Layer Base Classes

ITensor

tensorrt.TensorLocation

The physical location of the data.

Members:

DEVICE : Data is stored on the device.

HOST : Data is stored on the device.

tensorrt.TensorFormat

Format of the input/output tensors.

This enum is used by both plugins and network I/O tensors.

For more information about data formats, see the topic “Data Format Description” located in the TensorRT Developer Guide (https://docs.nvidia.com/deeplearning/sdk/tensorrt-developer-guide/index.html).

Members:

LINEAR :

Row major linear format.

For a tensor with dimensions {N, C, H, W}, the W axis always has unit stride, and the stride of every other axis is at least the product of the next dimension times the next stride. the strides are the same as for a C array with dimensions [N][C][H][W].

CHW2 :

Two wide channel vectorized row major format.

This format is bound to FP16. It is only available for dimensions >= 3.

For a tensor with dimensions {N, C, H, W}, the memory layout is equivalent to a C array with dimensions [N][(C+1)/2][H][W][2], with the tensor coordinates (n, c, h, w) mapping to array subscript [n][c/2][h][w][c%2].

HWC8 :

Eight channel format where C is padded to a multiple of 8.

This format is bound to FP16. It is only available for dimensions >= 3.

For a tensor with dimensions {N, C, H, W}, the memory layout is equivalent to the array with dimensions [N][H][W][(C+7)/8*8], with the tensor coordinates (n, c, h, w) mapping to array subscript [n][h][w][c].

CHW4 :

Four wide channel vectorized row major format. This format is bound to INT8. It is only available for dimensions >= 3.

For a tensor with dimensions {N, C, H, W}, the memory layout is equivalent to a C array with dimensions [N][(C+3)/4][H][W][4], with the tensor coordinates (n, c, h, w) mapping to array subscript [n][c/4][h][w][c%4].

CHW16 :

Sixteen wide channel vectorized row major format.

This format is bound to FP16. It is only available for dimensions >= 3.

For a tensor with dimensions {N, C, H, W}, the memory layout is equivalent to a C array with dimensions [N][(C+15)/16][H][W][16], with the tensor coordinates (n, c, h, w) mapping to array subscript [n][c/16][h][w][c%16].

CHW32 :

Thirty-two wide channel vectorized row major format.

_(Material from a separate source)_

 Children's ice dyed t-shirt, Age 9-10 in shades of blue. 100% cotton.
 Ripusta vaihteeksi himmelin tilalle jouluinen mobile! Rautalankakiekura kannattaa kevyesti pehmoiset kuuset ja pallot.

This format is only available for dimensions >= 3.

For a tensor with dimensions {N, C, H, W}, the memory layout is equivalent to a C array with dimensions [N][(C+31)/32][H][W][32], with the tensor coordinates (n, c, h, w) mapping to array subscript [n][c/32][h][w][c%32].

DHWC8 :

Eight channel format where C is padded to a multiple of 8.

This format is bound to FP16, and it is only available for dimensions >= 4.

For a tensor with dimensions {N, C, D, H, W}, the memory layout is equivalent to an array with dimensions [N][D][H][W][(C+7)/8*8], with the tensor coordinates (n, c, d, h, w) mapping to array subscript [n][d][h][w][c].

CDHW32 :

Thirty-two wide channel vectorized row major format with 3 spatial dimensions.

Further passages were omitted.